Au 16 juin, l'Éthiopie avait enregistré 274 346 cas confirmés de Covid et 4 250 décès.

Au cours de la dernière vague majeure entre avril et mai, l'Éthiopie avait besoin d'environ 15 000 bouteilles d'oxygène par jour, selon un outil de suivi des besoins en oxygène mis à jour par Path, une organisation non gouvernementale internationale travaillant dans le secteur de la santé.

Cela montre que le besoin est désormais réduit à 1 200 bouteilles par jour, mais les experts du tracker ont déclaré que leur calcul était basé sur les cas de Covid signalés et que la plupart des cas dans le pays ne sont pas signalés.

En RD Congo, la demande est passée à près de 2 000 bouteilles par jour contre moins de 500 au début du mois, selon le tracker.

'Angle mort'

Les experts affirment que de nombreux pays africains aux revenus les plus faibles, comme d'autres pays très pauvres, manquent d'installations commerciales de production d'oxygène, ce qui pourrait alors potentiellement détourner des fournitures vers les hôpitaux pour aider en cas d'urgence.

Fournir de l'oxygène à haut débit, essentiel pour les patients atteints de Covid, peut être un problème

En conséquence, très peu d'hôpitaux peuvent fournir de l'oxygène à haut débit dont les patients critiques de Covid ont besoin, selon les experts de la santé.

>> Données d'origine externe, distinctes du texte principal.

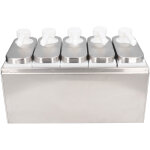 Jeffergarden distributeur de sauce pompe salade confiture assaisonnement condiment squeeze pompe conteneur ... Jeffergarden distributeur de sauce pompe salade confiture assaisonnement condiment squeeze pompe conteneur ...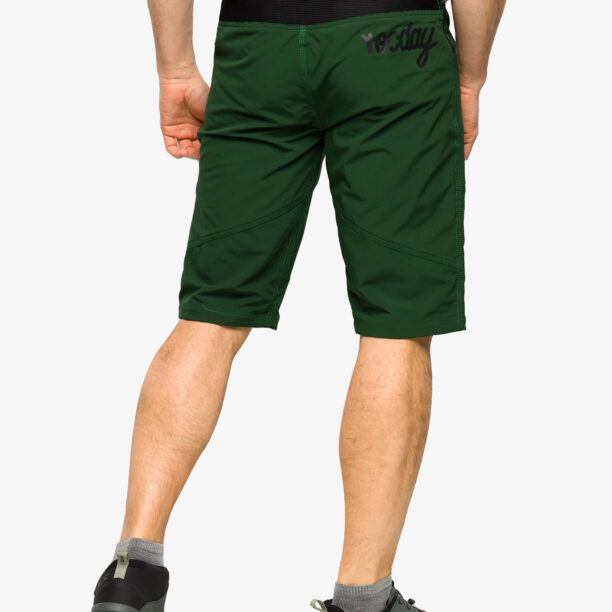 Pantaloni scurti ciclism Rocday Roc Lit - green preţ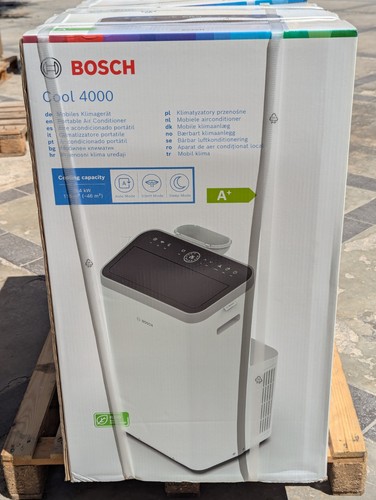 Bnib sealed ready bosch - go,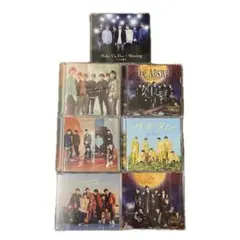 【なにわ男子】シングルセット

"Dans tout notre pays, un seul hôpital a la capacité de traiter à la fois plus de 10 patients ayant besoin d'oxygène à haut débit et leur unité Covid est généralement pleine", a déclaré le Dr Sarah Wandia, qui travaille à l'hôpital méthodiste de Maua au Kenya.

"Nous avons perdu deux patients de notre hôpital en attente d'une place dans cette unité.

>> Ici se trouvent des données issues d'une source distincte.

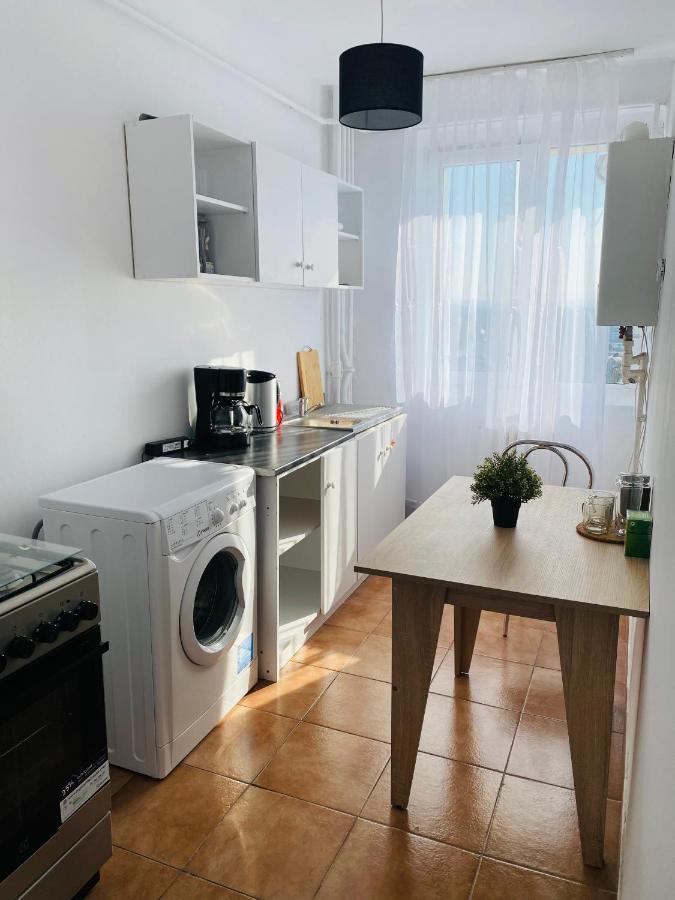 City Center Apartments - Piata Unirii Iasi Eksteriør bilde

"L'usine d'oxygène actuelle de notre hôpital a la capacité de produire 45 litres d'oxygène tandis qu'un patient Covid peut utiliser 15 litres d'oxygène, ce qui laisse une quantité précaire pour soigner les bébés prématurés, les patients intubés en salle d'opération et dans le service des accidents et des urgences. "

Les experts de la santé disent qu'il a fallu un an pour que l'approvisionnement en oxygène soit reconnu comme un médicament essentiel dans la stratégie mondiale de traitement des patients Covid.

"La crise imminente a été un angle mort pour la communauté mondiale de la santé pendant un an", a déclaré Mme Greensdale de Every Breath Counts.

Les agences de financement internationales comme le Fonds mondial disent qu'elles ont désormais mis un financement accéléré pour l'oxygène à la disposition de certains pays aux revenus les plus faibles, notamment la Gambie, le Kenya, le Malawi et la Tanzanie en Afrique.

"Avec l'aide d'agences donatrices, nous installerons bientôt 10 usines d'oxygène dans certains hôpitaux publics", a déclaré le Dr Ahmed de la Somalie.